• _DATA SECTION_
= = = = =
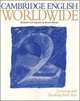 Cambridge English Worldwide Listening and Speaking Pack 2, 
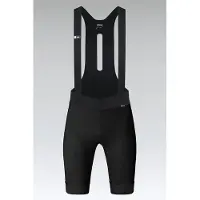 Gobik Absolute Compact 7.0 K10 Bib Shorts Noir 2XL Homme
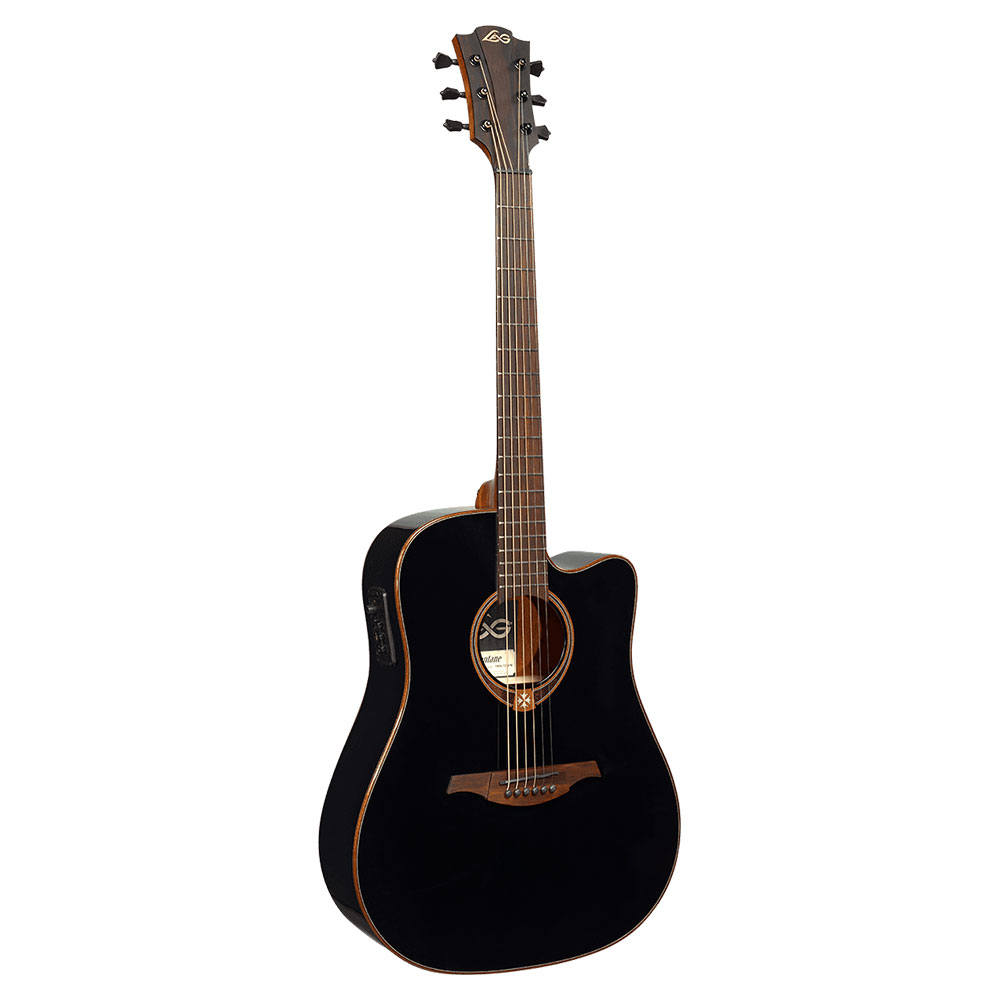 LAG T118 ACE BRS エレアコ ギター LAG Guitars T118ACE BRS アコースティックギター エレアコ ラグ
= = = = =
Return the data verbatim, leaving out the pictures it holds.

 Cambridge English Worldwide Listening and Speaking Pack 2, 
 Gobik Absolute Compact 7.0 K10 Bib Shorts Noir 2XL Homme
 LAG T118 ACE BRS エレアコ ギター LAG Guitars T118ACE BRS アコースティックギター エレアコ ラグ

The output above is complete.